I’m up early. It is cold but a little less windy. The wind must be on shore in Boston, for it is up to 33.  (+1 Celsius) Meanwhile in Jacksonville I see it is 28, (-2 Celsius) and in a western suburb of Jacksonville it is 23. (-5 Celsius) In Tallahassee I see it is 25 at 4:00 AM. So they match me, in the hills of New Hampshire, for we are also at 25. -4 Celsius)

I must be a mean sort of fellow, for I always get a snarkie satisfaction when the people who bailed out on their communities to flee the northern cold get chased down by the cold.  However  I do feel for the farmers down there, who must have their sprinklers spraying like mad, to try to beat the frost.

This is the peak of the cold wave, sort of like when the wave has charged up the beach and is all around your sand castle, but the water is just starting to suck back down to the next wave. What weather geeks are focused on is how soon the next wave will come, and how far back the cold will draw before the next wave comes charging.

In the winter of 1976-1977 the cold just kept coming, in some ways more like a stream than a wave, straight down from the North Slope of Alaska, all December.

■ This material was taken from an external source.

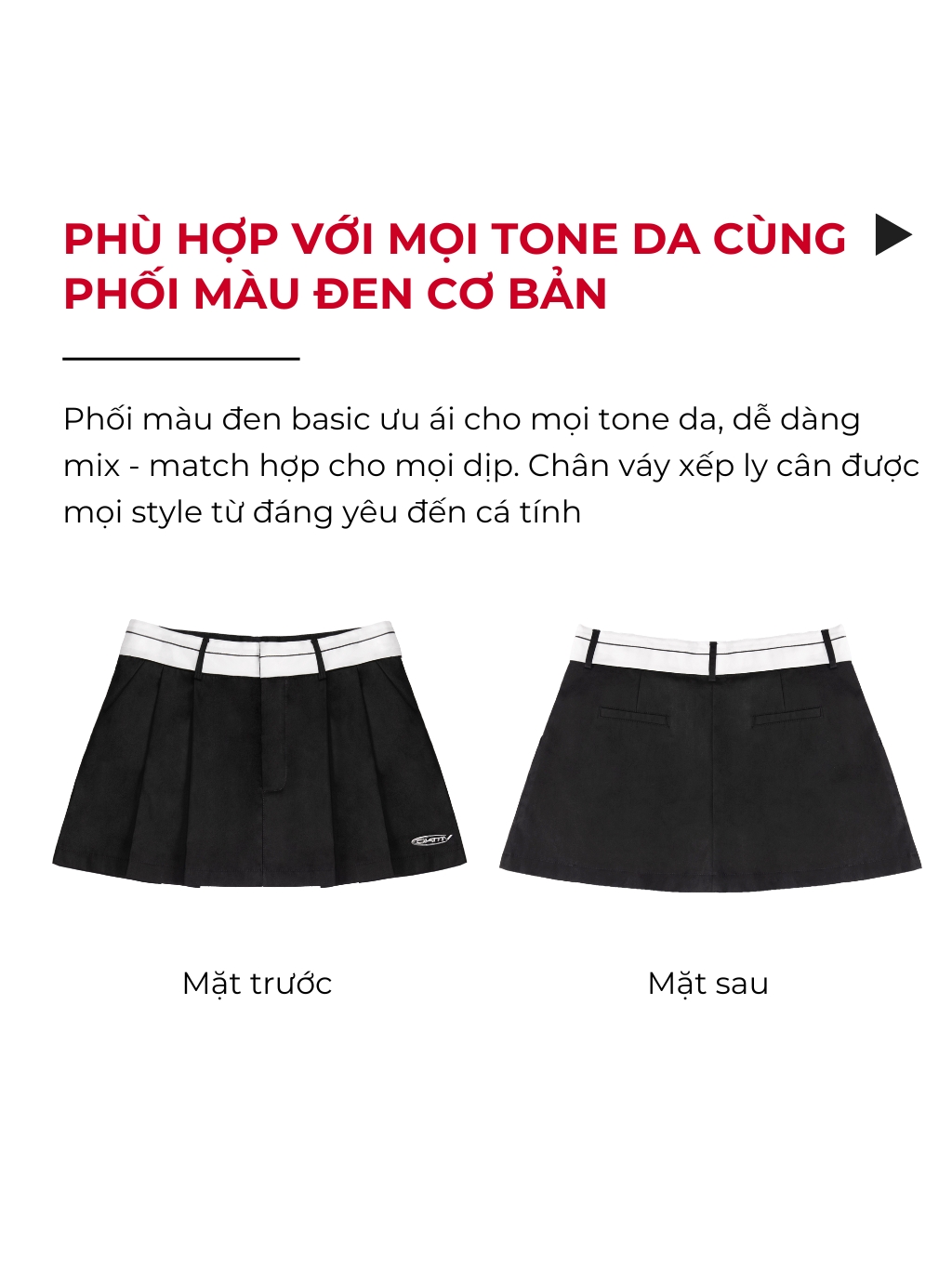 Đầm sơ mi đen có cổ áo tay ngắn cổ V cực ngầu cá tính có thắt lưng ulzzang  | Shopee Việt Nam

However Joe Bastardi has been examining other analog winters on his blog at Weatherbell, and in other analog cases there was what he calls “a pull back” during December, before winter grew more extreme again in January.

It is a case of pick-your-poison, for if we do get a break in December, the winters seem to last longer. In 1976-1977 the worst was over in early February, though by no means did it become spring-like, until a day I still fondly remember, in mid-March.

We only had a dust of snow last night. At 5:15 AM it is still starry out, with the the starlight slightly dimmed by some sort of high haze. There is still no sign of dawn. An owl gave me a single “Whoo-hoooo” just as I turned to go in. Maybe it was a “good morning”, though it sounded more like something vaguely rude.